DeRosia (2008) writes that “An iconic sign should be interpreted automatically” while symbolic signs, because they have arbitrary meanings – that is, there is no natural relationship between the sign and its meaning (Hall, 1997) – the meaning of a text is dependant on the context of the interpreter, and thus requires more “cognitive effort” to understand. In regard to advertisements, this means that the “author must choose symbolic signs that have meanings commonly understood among recipients,” (DeRosia, 2008). The necessity to be discerning when choosing symbols is obvious in the advertisement above.

In the advertisement we can see a group of people and animals, surrounded by forests, nature and a beach, with a boat and another island in the background. The people in the image are doing various activities such as fishing, reading, chatting and creating. The weather is bright and sunny, and everyone in the image is sporting a cheerful expression. Text reads ‘Welcome to Animal Crossing: New Horizons”. These are the signifiers of the image, the things that the audience can literally see happening on the screen, and don’t require any further thought or insight to understand.

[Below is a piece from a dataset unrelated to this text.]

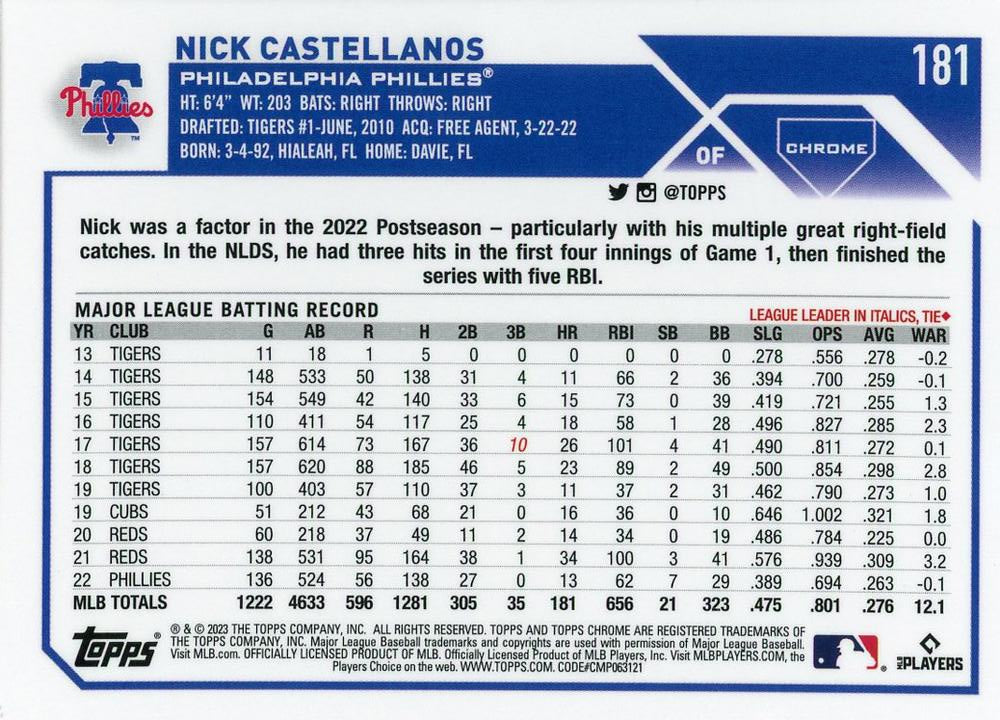 2023 Topps Chrome Nick Castellanos #181 Philadelphia Phillies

However, there are a wide range of connotations that are conveyed by the image above. Starting with the obvious, that this is a relaxed and peaceful scene, where everyone is happy and doing what they enjoy. This is something intrinsically conveyed by the bright surrounding nature, and the characters themselves. The tents in the image imply that some or all of the occupants on the island are camping or otherwise living here and are part of a close community. Further, first glance one can surmise that there is some element of creation present in what is being advertised, as there are people clearly creating something on the bench.

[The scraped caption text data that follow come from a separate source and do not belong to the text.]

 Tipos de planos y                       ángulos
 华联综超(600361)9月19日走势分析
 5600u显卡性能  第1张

More meaning can be gained through looking at the text in the image, those familiar with the animal crossing series will understand that this is an advertisement for the newest instillation in the series and will feel eager and elated for this new installation. This different personal context also means that various images in the advertisement have different meaning. What seem to be merely anthropomorphic animals to the casual viewer are instead an indication that characters from previous installations of the series will be present in this game, furthering the atmosphere of excitement. As well as this, the image of tents, something symbolic of ‘camping’ or ‘outdoors activity’ gain deeper meaning as they show players that the mechanics of this game will be similar to that of previous games.

Through choosing these specific images and characters, Nintendo has clearly chosen signs and symbols that resonate with their primary target audience (previous players) while not confusing those new to the series, supporting DeRosia’s (2008) beliefs that symbolic signs in advertisements must be chosen to allow for the intended meaning to be conveyed.

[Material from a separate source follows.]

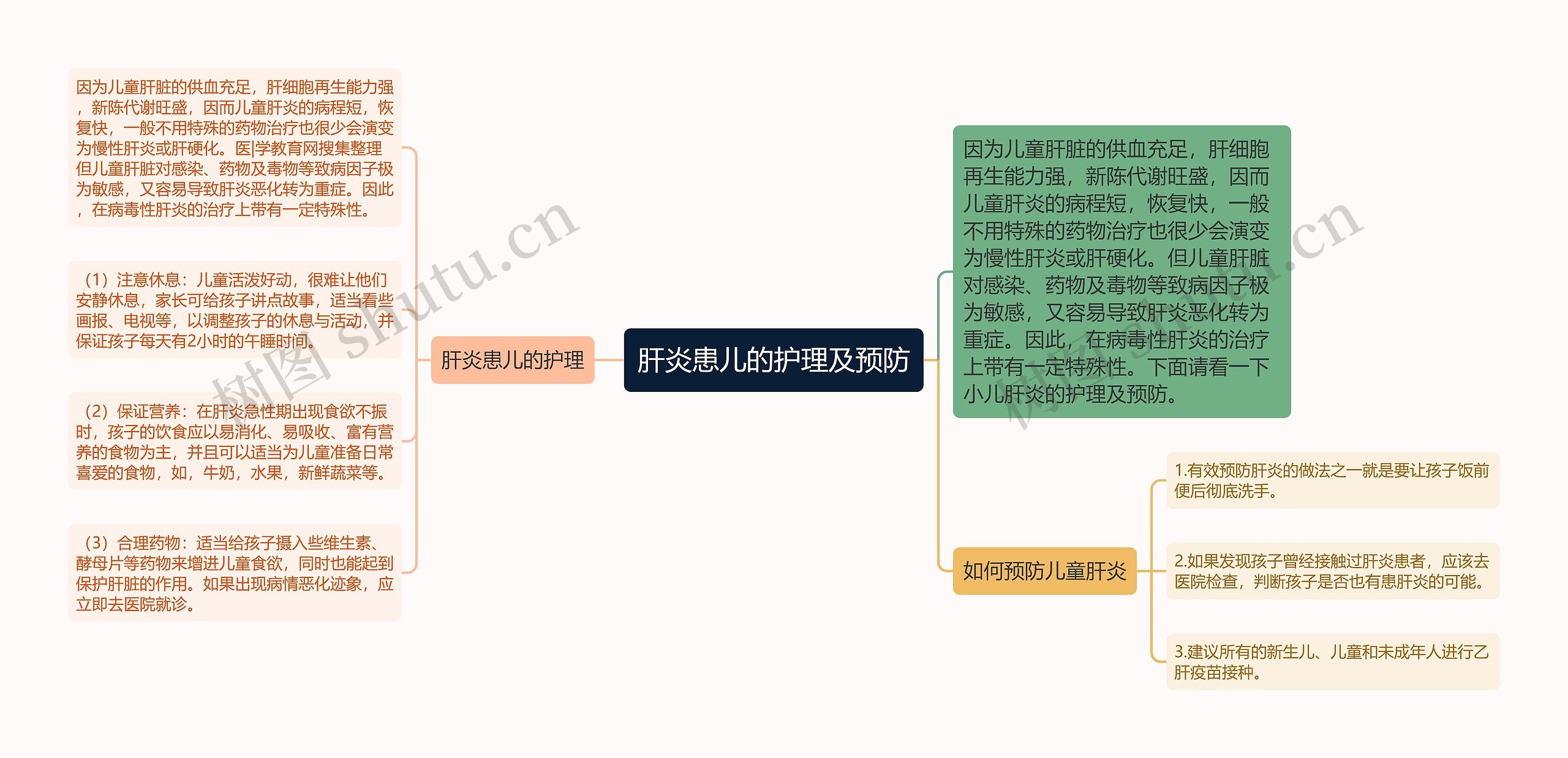 肝炎患儿的护理及预防思维导图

Now, I’m off to finally play Animal Crossing, if you want to check the series out below is the Nintendo Direct outlining its features.

DeRosia, E., 2008. The effectiveness of nonverbal symbolic signs and metaphors in advertisements: An experimental inquiry. Psychology and Marketing, 25(3), pp.298-316.
Fiske, J. and Jenkins, H., 2010. Introduction To Communication Studies. 3rd ed. London [England]: Routledge, pp.80-86.
Hall, S., 1997. Representation: Cultural Representations And Signifying Practices. 1st ed. London: SAGE Publications, pp.15-51.